Estas limitaciones del poder punitivo, y otras similares, suelen desenfocarse de ciertas precisiones, necesarias por demás. Se trata de “la cuestión más amplia y general acerca de en qué medida el Derecho constitucional influye sobre el ordenamiento penal" (como lo plantea Tiedemann, 1991), que puede situarse, como lo hace este autor, en forma de hipótesis: el Derecho constitucional influye y conforma la política criminal. La dogmática del sistema penal, por el contrario, es asunto de la doctrina y de la jurisprudencia (“Constitución y Derecho penal”, en: Revista Española de Derecho Constitucional, año 11, núm. 33, septiembre-diciembre, 1991, pp. 145-171).

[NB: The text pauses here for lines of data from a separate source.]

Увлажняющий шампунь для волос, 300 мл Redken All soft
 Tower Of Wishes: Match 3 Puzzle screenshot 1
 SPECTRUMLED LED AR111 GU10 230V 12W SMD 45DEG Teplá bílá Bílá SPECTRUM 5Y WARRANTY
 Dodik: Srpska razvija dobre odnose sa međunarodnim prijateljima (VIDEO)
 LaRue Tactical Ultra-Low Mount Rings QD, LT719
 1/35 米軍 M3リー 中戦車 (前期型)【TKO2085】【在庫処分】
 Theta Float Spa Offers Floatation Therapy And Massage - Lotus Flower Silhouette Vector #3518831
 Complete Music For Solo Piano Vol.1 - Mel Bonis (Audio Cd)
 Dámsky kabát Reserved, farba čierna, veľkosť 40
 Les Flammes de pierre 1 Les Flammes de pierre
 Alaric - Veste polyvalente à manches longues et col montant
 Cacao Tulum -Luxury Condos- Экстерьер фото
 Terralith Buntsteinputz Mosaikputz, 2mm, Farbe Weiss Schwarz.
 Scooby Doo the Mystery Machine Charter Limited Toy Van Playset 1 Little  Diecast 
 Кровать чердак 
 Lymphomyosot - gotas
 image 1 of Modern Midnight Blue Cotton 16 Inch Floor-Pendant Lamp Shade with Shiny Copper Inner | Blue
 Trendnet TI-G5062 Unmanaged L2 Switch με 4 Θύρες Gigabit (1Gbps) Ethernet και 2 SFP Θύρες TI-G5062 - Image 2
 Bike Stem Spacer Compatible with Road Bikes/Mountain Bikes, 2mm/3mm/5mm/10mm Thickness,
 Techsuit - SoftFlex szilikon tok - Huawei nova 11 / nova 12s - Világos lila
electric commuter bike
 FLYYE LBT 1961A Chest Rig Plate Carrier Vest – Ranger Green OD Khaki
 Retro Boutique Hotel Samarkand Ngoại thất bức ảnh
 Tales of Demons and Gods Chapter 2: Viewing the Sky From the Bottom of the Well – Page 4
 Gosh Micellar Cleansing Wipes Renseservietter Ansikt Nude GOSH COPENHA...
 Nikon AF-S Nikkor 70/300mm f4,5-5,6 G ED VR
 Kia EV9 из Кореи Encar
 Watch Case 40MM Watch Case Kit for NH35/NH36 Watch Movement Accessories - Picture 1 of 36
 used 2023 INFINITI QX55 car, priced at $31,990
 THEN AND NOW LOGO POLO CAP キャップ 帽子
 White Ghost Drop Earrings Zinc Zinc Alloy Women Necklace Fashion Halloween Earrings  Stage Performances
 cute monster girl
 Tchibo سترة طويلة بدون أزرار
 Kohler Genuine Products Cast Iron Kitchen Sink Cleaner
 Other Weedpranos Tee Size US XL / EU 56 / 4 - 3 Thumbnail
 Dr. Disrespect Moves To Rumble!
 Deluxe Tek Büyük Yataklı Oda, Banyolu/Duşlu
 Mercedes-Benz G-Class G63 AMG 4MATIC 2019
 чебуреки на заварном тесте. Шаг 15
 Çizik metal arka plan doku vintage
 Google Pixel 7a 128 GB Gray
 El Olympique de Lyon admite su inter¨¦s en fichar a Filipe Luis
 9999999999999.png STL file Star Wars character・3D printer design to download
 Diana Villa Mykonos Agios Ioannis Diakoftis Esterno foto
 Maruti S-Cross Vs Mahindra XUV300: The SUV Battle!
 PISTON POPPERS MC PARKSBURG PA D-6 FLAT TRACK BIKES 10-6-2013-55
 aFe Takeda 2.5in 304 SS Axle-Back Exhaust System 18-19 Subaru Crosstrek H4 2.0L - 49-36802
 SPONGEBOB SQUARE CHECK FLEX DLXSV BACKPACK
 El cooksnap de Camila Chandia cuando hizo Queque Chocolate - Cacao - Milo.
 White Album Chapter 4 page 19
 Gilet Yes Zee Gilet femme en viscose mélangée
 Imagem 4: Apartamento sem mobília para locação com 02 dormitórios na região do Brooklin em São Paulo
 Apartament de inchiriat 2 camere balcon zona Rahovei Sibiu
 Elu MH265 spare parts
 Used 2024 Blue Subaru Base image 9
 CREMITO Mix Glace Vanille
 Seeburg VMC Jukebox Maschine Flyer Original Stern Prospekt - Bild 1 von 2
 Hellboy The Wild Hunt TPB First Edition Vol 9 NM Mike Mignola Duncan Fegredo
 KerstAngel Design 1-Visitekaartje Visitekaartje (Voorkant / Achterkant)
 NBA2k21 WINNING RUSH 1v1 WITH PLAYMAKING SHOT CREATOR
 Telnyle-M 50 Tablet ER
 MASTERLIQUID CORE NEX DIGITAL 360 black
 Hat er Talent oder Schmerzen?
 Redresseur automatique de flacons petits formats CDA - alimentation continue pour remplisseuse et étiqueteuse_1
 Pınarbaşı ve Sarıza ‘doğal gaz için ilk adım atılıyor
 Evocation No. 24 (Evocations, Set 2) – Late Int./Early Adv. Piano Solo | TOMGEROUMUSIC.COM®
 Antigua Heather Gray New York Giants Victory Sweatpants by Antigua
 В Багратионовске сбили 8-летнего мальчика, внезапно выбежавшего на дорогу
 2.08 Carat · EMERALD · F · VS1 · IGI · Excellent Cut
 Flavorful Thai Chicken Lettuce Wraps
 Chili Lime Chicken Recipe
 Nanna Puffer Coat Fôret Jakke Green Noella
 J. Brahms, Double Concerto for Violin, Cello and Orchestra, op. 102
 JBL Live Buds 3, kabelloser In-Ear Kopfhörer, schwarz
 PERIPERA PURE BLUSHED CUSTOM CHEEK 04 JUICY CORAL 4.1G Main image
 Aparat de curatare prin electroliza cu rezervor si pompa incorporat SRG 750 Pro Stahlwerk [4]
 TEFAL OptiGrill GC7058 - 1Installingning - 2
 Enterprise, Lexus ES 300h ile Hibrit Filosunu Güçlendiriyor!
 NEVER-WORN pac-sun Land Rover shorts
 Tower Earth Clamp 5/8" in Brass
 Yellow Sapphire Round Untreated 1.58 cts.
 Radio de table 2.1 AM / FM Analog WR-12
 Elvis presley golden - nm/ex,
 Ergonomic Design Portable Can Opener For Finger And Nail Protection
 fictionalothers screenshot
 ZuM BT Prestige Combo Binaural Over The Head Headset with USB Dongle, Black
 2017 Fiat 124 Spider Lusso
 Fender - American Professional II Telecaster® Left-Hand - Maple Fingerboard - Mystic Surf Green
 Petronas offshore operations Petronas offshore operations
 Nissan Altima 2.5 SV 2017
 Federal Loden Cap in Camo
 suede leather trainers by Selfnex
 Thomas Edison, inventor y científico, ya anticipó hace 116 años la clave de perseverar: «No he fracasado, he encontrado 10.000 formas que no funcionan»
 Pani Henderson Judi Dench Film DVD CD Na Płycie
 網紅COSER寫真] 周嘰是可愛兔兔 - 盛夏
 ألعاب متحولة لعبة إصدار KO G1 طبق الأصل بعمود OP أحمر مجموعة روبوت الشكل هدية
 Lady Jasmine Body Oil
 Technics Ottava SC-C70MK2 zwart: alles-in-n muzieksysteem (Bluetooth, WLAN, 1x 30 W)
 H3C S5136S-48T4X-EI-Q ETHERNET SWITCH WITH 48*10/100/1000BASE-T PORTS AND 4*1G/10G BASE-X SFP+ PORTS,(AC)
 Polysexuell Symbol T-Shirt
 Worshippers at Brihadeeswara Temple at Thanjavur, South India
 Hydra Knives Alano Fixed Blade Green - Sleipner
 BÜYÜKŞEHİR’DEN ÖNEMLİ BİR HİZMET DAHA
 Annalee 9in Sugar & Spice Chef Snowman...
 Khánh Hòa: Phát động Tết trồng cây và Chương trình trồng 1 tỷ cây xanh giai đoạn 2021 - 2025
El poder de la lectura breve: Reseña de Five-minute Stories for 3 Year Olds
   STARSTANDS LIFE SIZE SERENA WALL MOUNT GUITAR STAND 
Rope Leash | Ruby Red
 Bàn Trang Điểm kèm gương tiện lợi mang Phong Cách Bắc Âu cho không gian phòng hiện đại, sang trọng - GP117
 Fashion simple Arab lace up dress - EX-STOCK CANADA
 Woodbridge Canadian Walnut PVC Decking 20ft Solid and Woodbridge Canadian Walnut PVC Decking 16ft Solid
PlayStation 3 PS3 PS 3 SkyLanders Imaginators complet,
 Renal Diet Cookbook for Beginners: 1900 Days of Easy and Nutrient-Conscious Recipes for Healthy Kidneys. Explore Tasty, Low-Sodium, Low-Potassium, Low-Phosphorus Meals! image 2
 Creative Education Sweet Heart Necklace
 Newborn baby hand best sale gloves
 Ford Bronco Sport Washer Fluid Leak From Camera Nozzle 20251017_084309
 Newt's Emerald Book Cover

Si bien Tiedemann modula esta hipótesis, aquí la retenemos porque la entendemos oportuna a la vista de la reciente aprobación de la Ley Orgánica que instituye el Código Penal dominicano, pues la aceptación expresa de principios constitucionales, como en el artículo 2 de esta ley, determina no solo la aceptación de los valores, principios y límites constitucionales por la ley referida, sino la necesidad de adecuación de sus contenidos sin olvidar, en ningún momento pero sobre todo al decidir las penas, que el respeto de la dignidad es el valor fundante del ordenamiento constitucional.
Estos principios, que limitan el ejercicio del poder penal estatal, contienen sin duda una connotación político-liberal marcada, estructurando limitaciones al ejercicio arbitrario del ius puniendi y, por esa vía, racionalizando su ejercicio.
Esto así, porque su formulación es la de reglas de máxima jerarquía, cuya prelación da sentido al cuerpo normativo penal, condicionando su validez a los imperativos constitucionales. Así las cosas, la relación entre Constitución y Derecho penal resulta mediada por los principios constitucionales (legalidad, culpabilidad, responsabilidad, etcétera), erigidos como limitaciones a las facultades de criminalización y punición estatales.
Se trata, sin duda, de principios que reúnen características diferenciadoras en su contenido como en su posicionamiento. En este sentido, se citarán dos de ellas: son de carácter primario, es decir, no están sujetos o no son dependientes de otros principios anteriores o precedentes, si bien cuentan con fundamentación jurídica y ética. Asimismo, son prioritarios, es decir mantienen relaciones de prevalencia respecto del orden penal tal como se expresa en la norma y, por tanto, legitiman o validan la norma.
La expansión constitucional determina su relación penal como limitación, contención o restricción porque pretende el logro de finalidades concretas… sin que por ello resulte válido desatender el contenido científico aportado por la dogmática penal. En otras palabras, la relación entre Derecho penal y constitucional no se consume o no se agota en la incorporación de principios y normas constitucionales, sino en la aceptación de que el Derecho penal sostiene, protege, defiende la Constitución como evidencia del acuerdo social soberano.